What you have to do: Would you return the data exactly as given, except for its pictures?

Dataset excerpt:
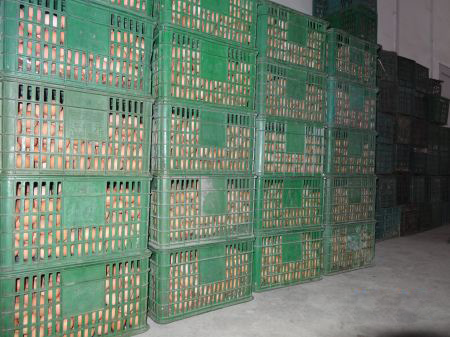 鮮蛋保鮮冷庫貯藏方法，雞蛋保鮮冷庫保鮮技術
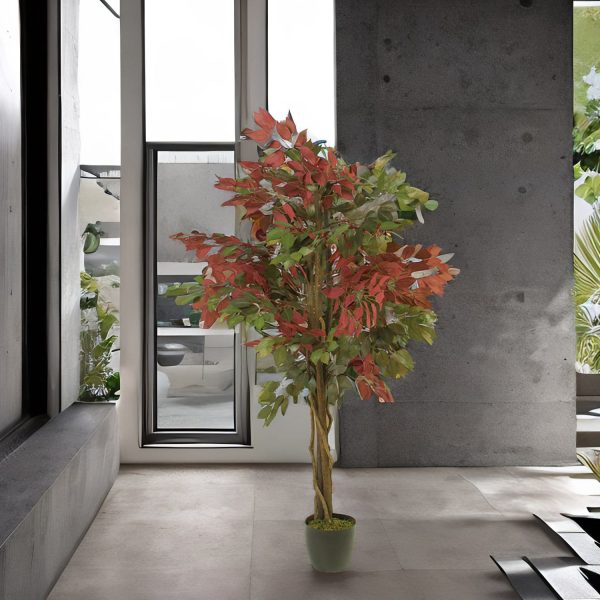 Árbol Ficus 150 cm - Imagen 4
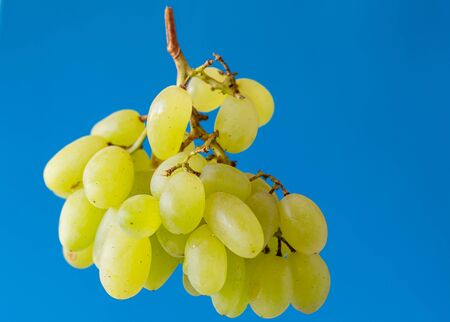 Bunch of fresh grapes. Fruits on a blue background. Isolated from background. Vegetarian food. Fruit in a slimming diet.の写真素材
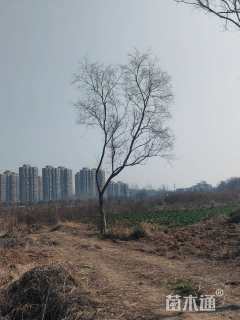 20公分乌桕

Answer section:
 鮮蛋保鮮冷庫貯藏方法，雞蛋保鮮冷庫保鮮技術
 Árbol Ficus 150 cm - Imagen 4
 Bunch of fresh grapes. Fruits on a blue background. Isolated from background. Vegetarian food. Fruit in a slimming diet.の写真素材
 20公分乌桕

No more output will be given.